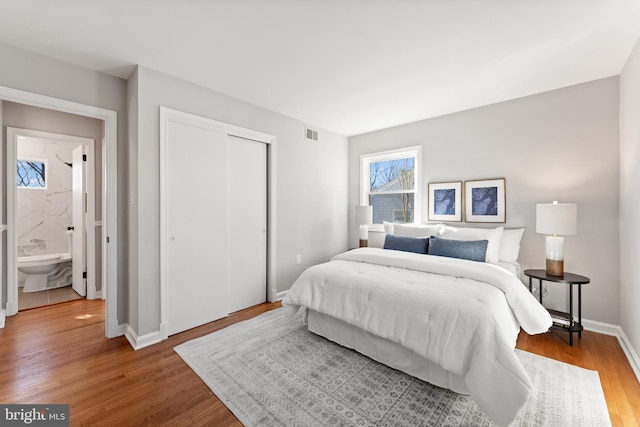 bedroom with wood-type flooring and a closet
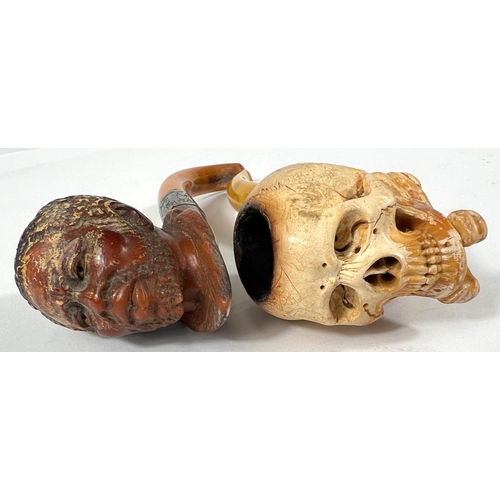 56 - 2 cased amber and Meerschaum pipes depicting skull and crossbones and black man's head.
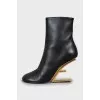 Leather ankle boots with gold heels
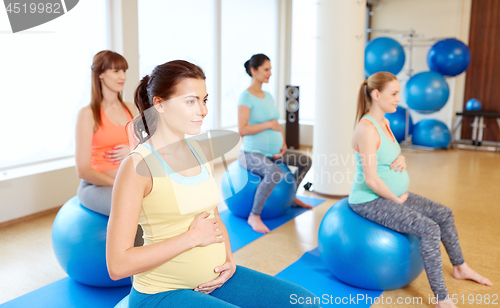 Image of pregnant women sitting on exercise balls in gym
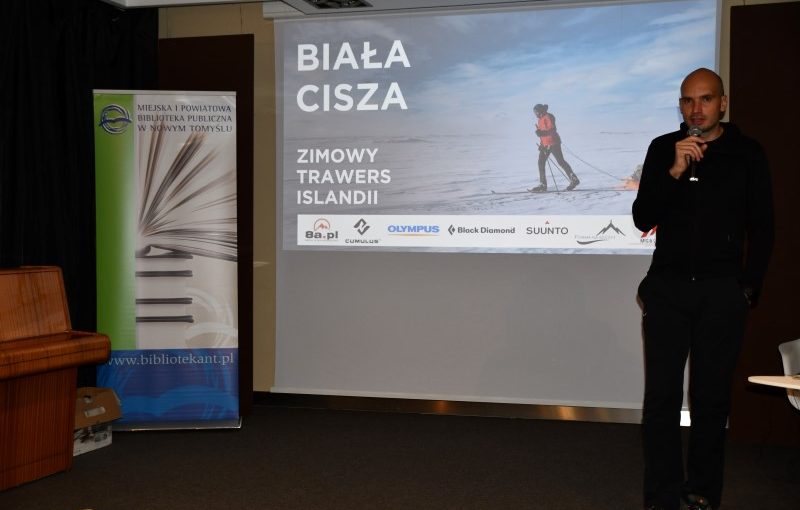Na wprost ekran. Na ekranie meżczyzna na nartach ciągnący sanie. Śnieg i niebo z chmurami. W górnym lewym rogu napis: Biała cisza. Niżej napis: Zimowy trawers Islandii. Na samym dole ekranu loga: 8a.pl, Eumulus, Olympus, Black Diamond, SUUNTO. Po prawej stronie zdjęcia człowiek z mikrofonem, po lewej roll-up. U góry roll-upu logo i napis: Miejska i Powiatowa Biblioteka Publiczna w Nowym Tomyślu. Na środku cztery leżące książki, na nich jedna otwarta. Na dole roll-upu napis: www.bibliotekant.pl. Po lewej stronie od roll-upu fragment pianina.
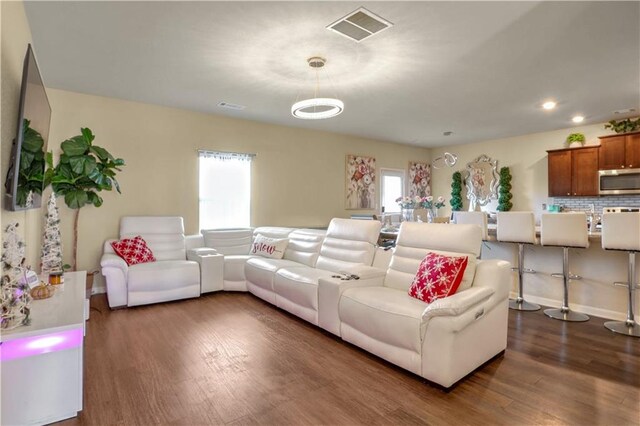 living room with a wealth of natural light and dark wood-type flooring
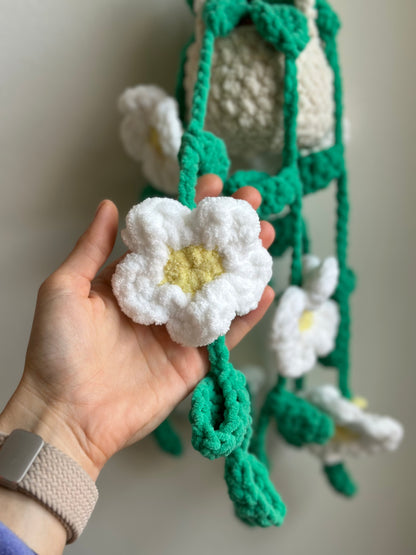 Soft crochet plant with white daisies and green leaves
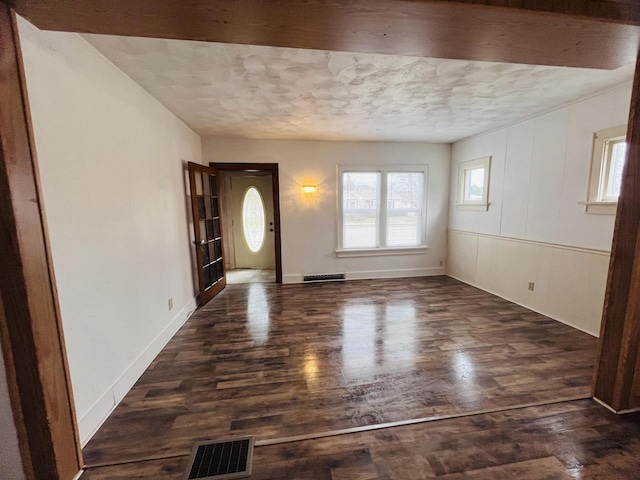 entrance foyer featuring visible vents, a textured ceiling, and dark wood-type flooring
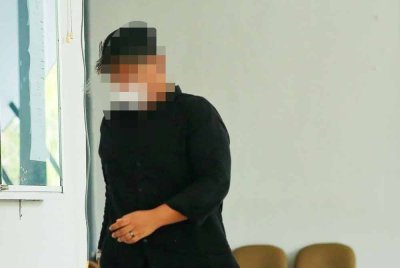 Tertuduh berbaju hitam ketika hadir ke mahkamah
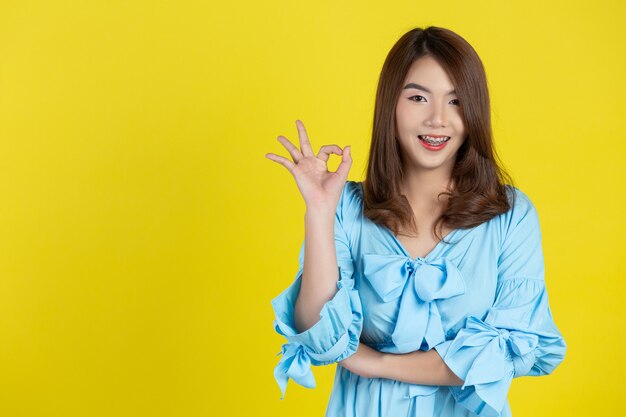 Belle femme asiatique avec un geste okey sur mur jaune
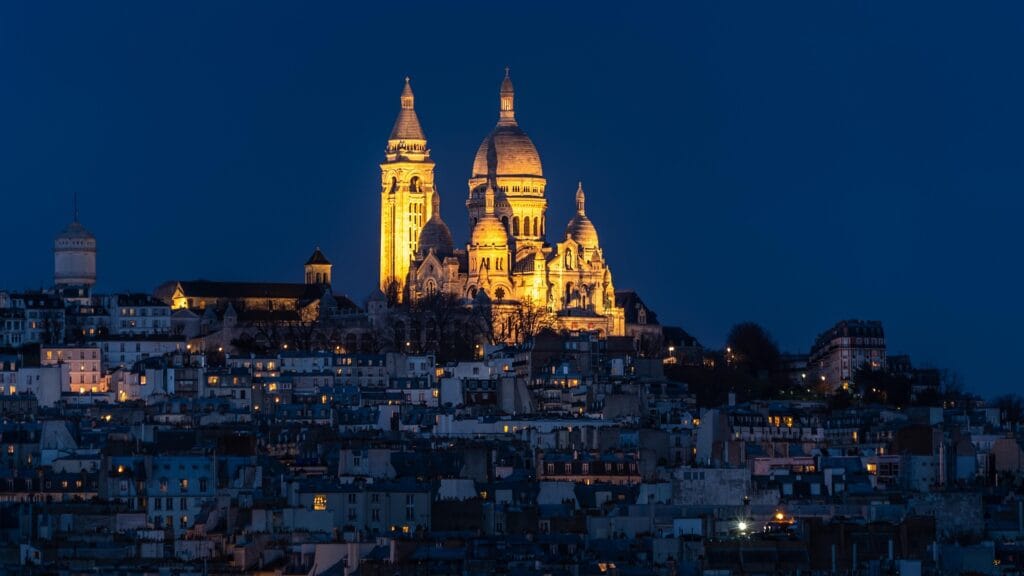 Montmartre basilica at night with illuminated dome, showing iconic landmark but illustrating steep hill terrain that makes wheelchair access extremely challenging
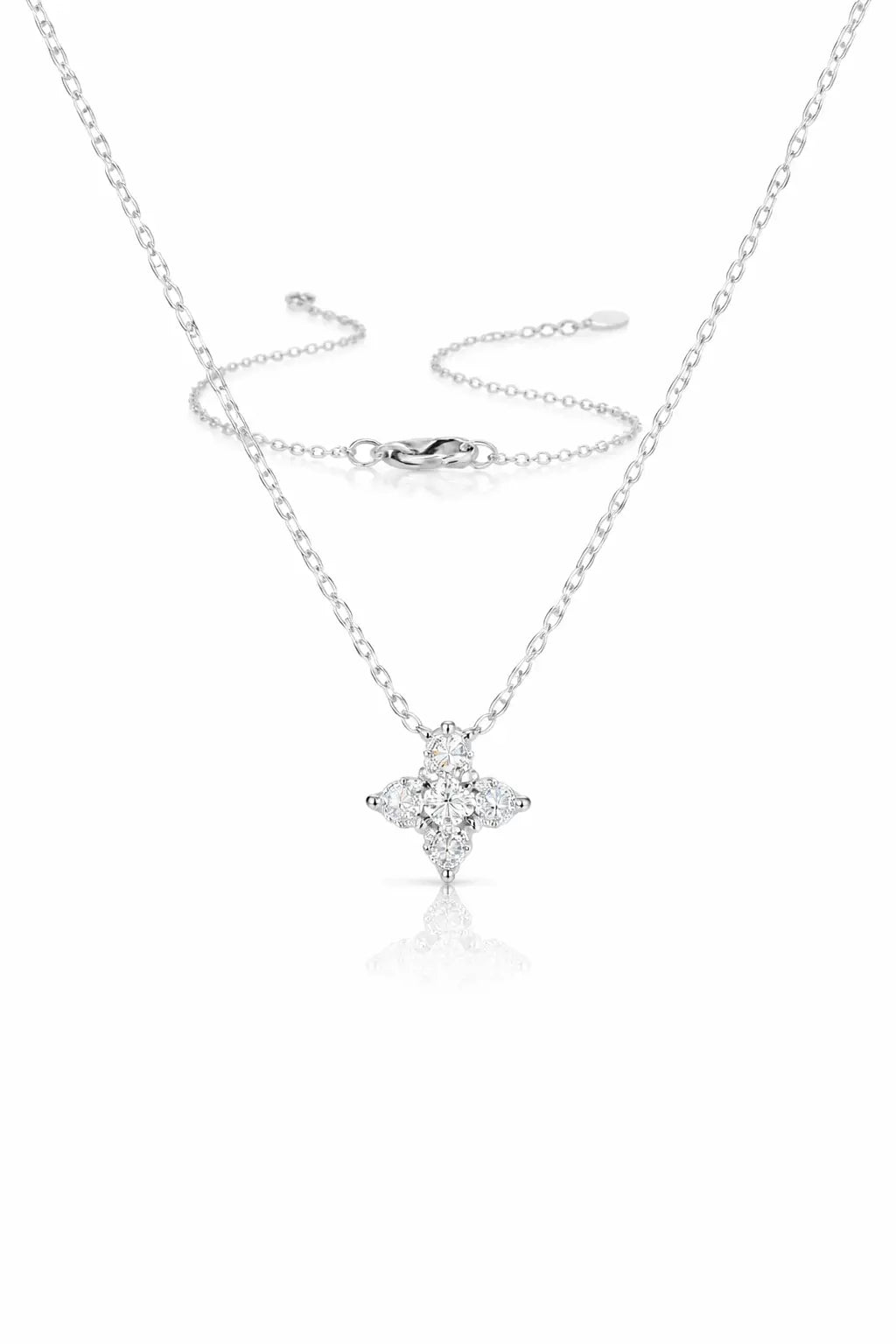 Silver necklace with a star-shaped pendant on a white background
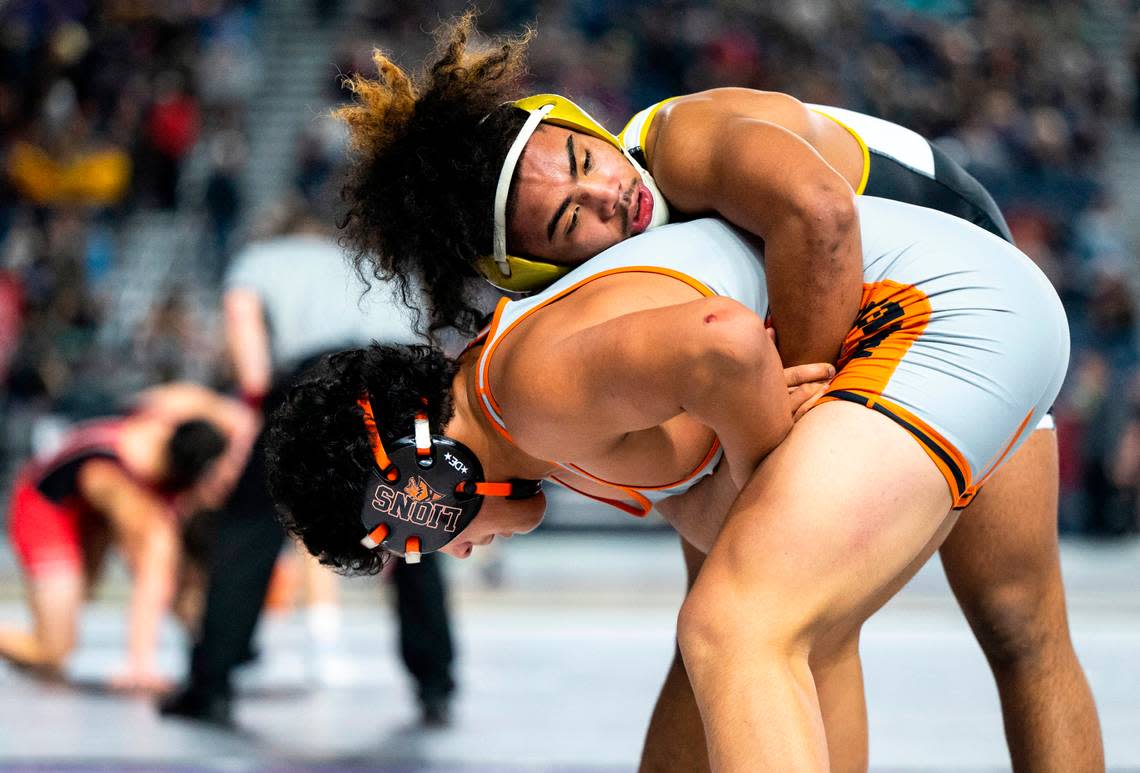 Lincoln Navarre Dixon holds Kennewick Jaden Lopez from behind during the 182-pound 3A quarterfinal match at Mat Classic XXXIV on Friday, Feb. 17, 2023, at the Tacoma Dome in Tacoma, Wash. Dixon defeated Lopez 14-6.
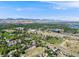 Wide aerial view of office buildings, homes, and the mountains in the distance create a scenic neighborhood backdrop at 1810 Youngfield Ct # A, Golden, CO 80401
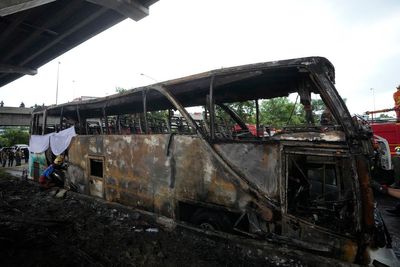 Operator of a Thai bus that caught fire and killed 23 is charged, as investigators suspect gas leak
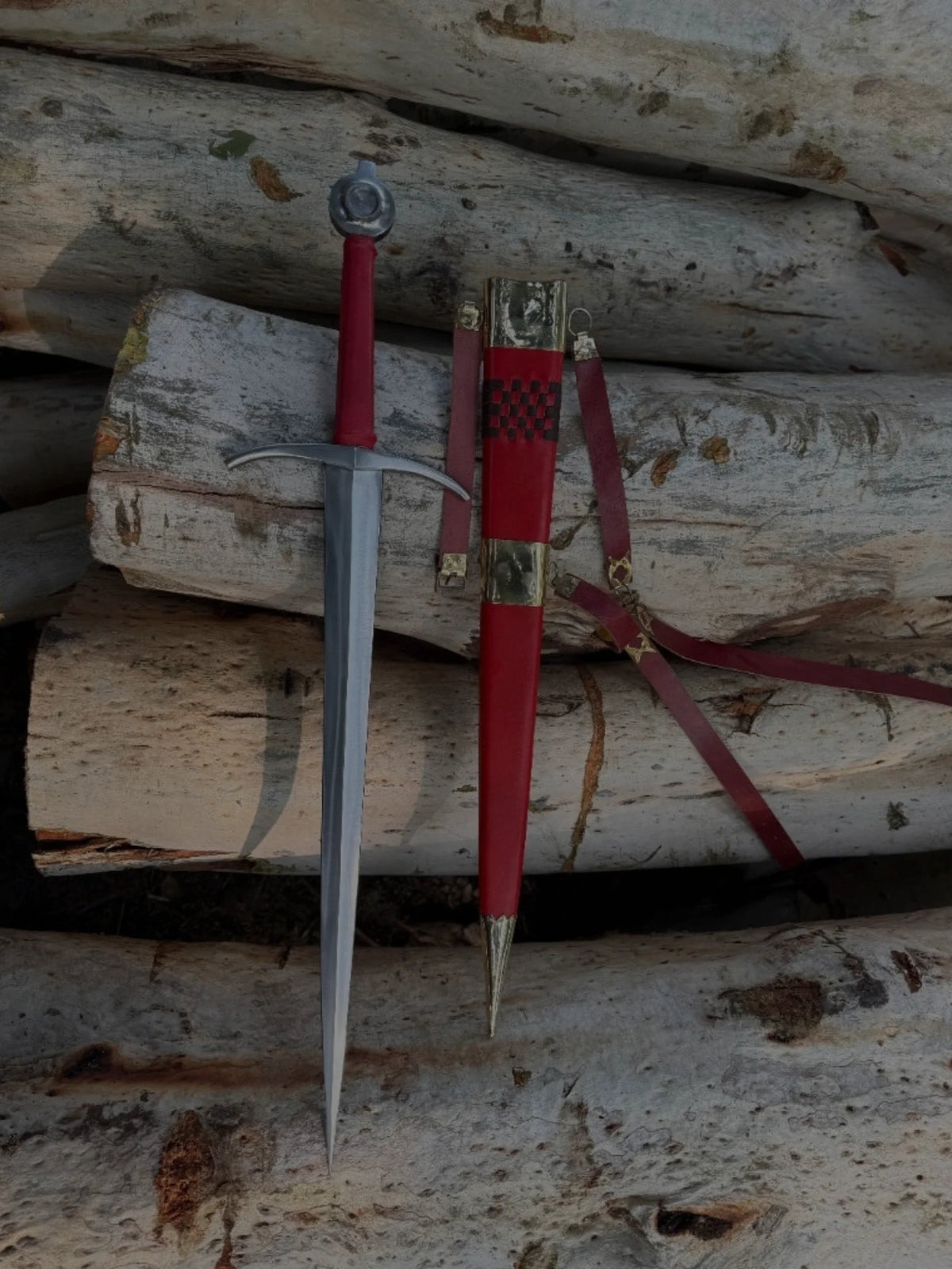 Handcrafted medieval sword with a red leather-wrapped hilt alongside a matching red leather scabbard with brass fittings, resting on rustic wooden logs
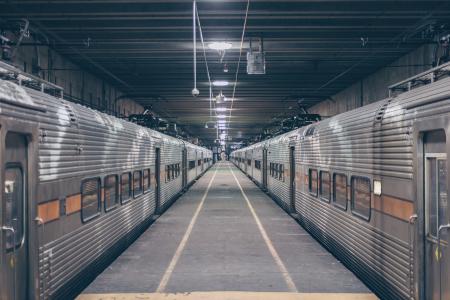 Photo Of Two Grey Trains In Station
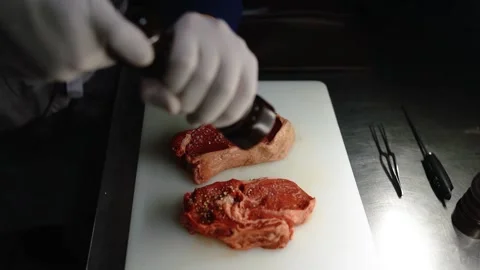 The cook salts an appetizing piece of meat. Stock Footage 145855396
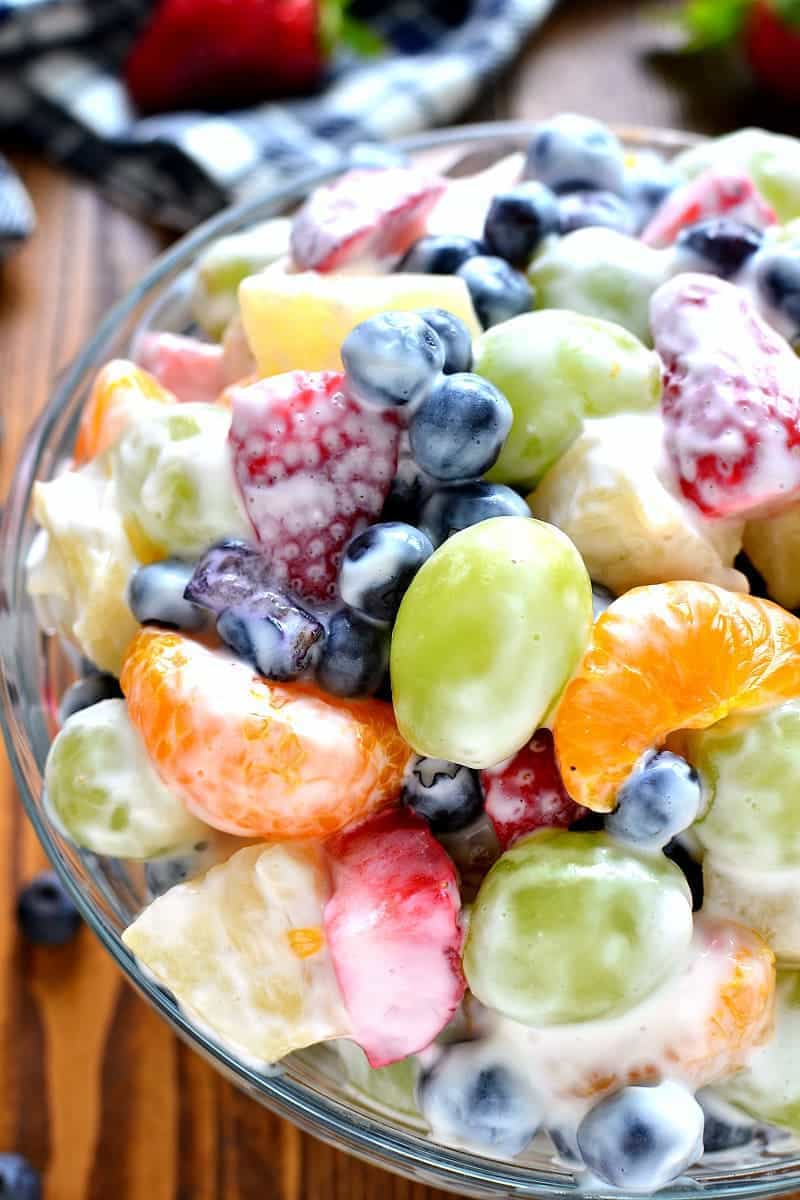 This Skinny Ambrosia Fruit Salad combines 5 types of fruit with a sweetened Greek yogurt sauce - the perfect {healthier} way to dress up your ordinary fruit salad!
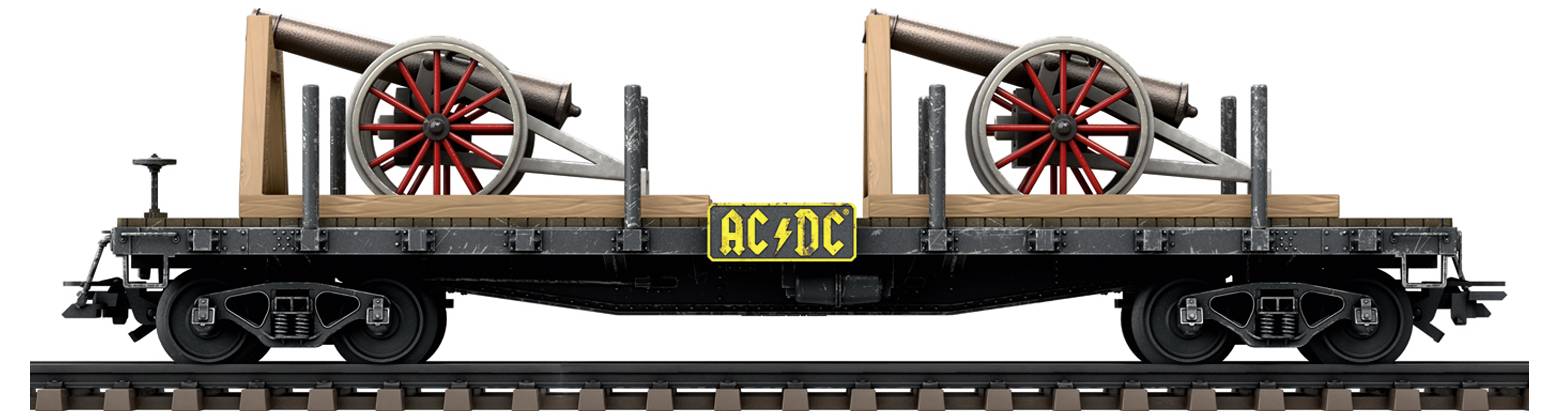 Eisenbahnwagen mit zwei rot-schwarzen Kanonen auf Holzkonstruktion. Gelbes Schild mit 'AC/DC' zwischen den Kanonen.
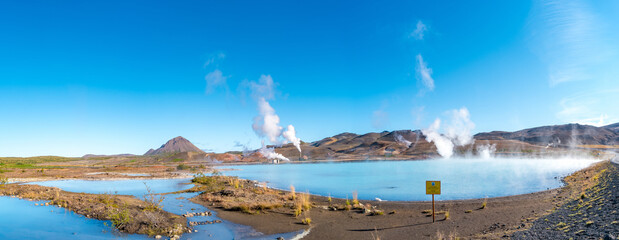 Panoramic over geothermal active zones with power plants in Iceland, near Myvatn lake, summer and...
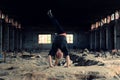 Blond girl dancing break dance in the old brickworks Royalty Free Stock Photo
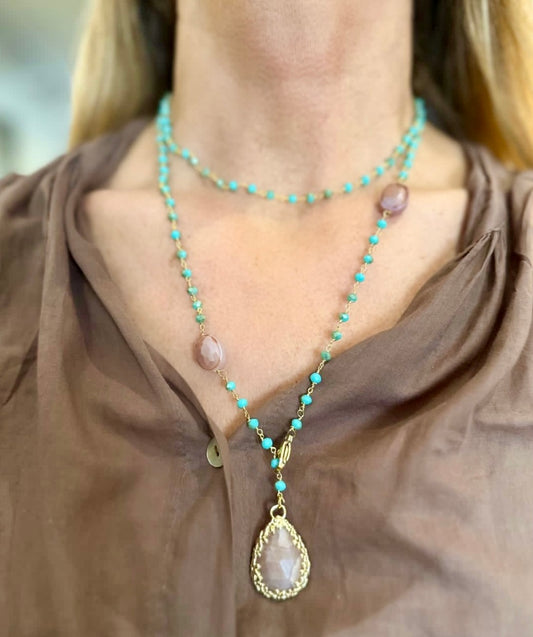 Collana lunga con cristalli e pendente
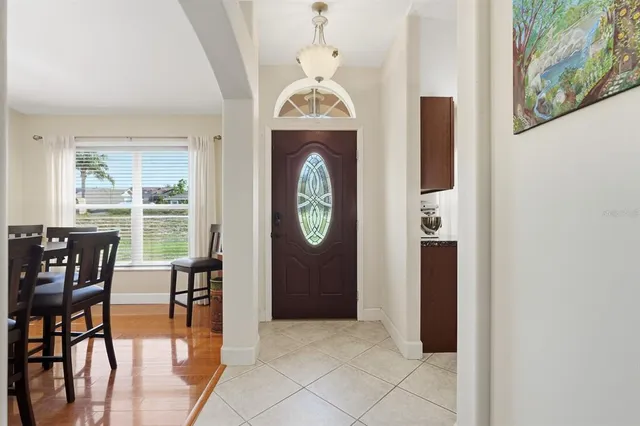 a dining room with furniture and a window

*-*-*

◆ Work to complete:
Above, find the line holding "Operator of a" and the line holding "The cook salts". Print exactly those two lines and every line between them, but no pictures.

◆ Exercise response:
 Operator of a Thai bus that caught fire and killed 23 is charged, as investigators suspect gas leak
 Handcrafted medieval sword with a red leather-wrapped hilt alongside a matching red leather scabbard with brass fittings, resting on rustic wooden logs
 Photo Of Two Grey Trains In Station
 The cook salts an appetizing piece of meat. Stock Footage 145855396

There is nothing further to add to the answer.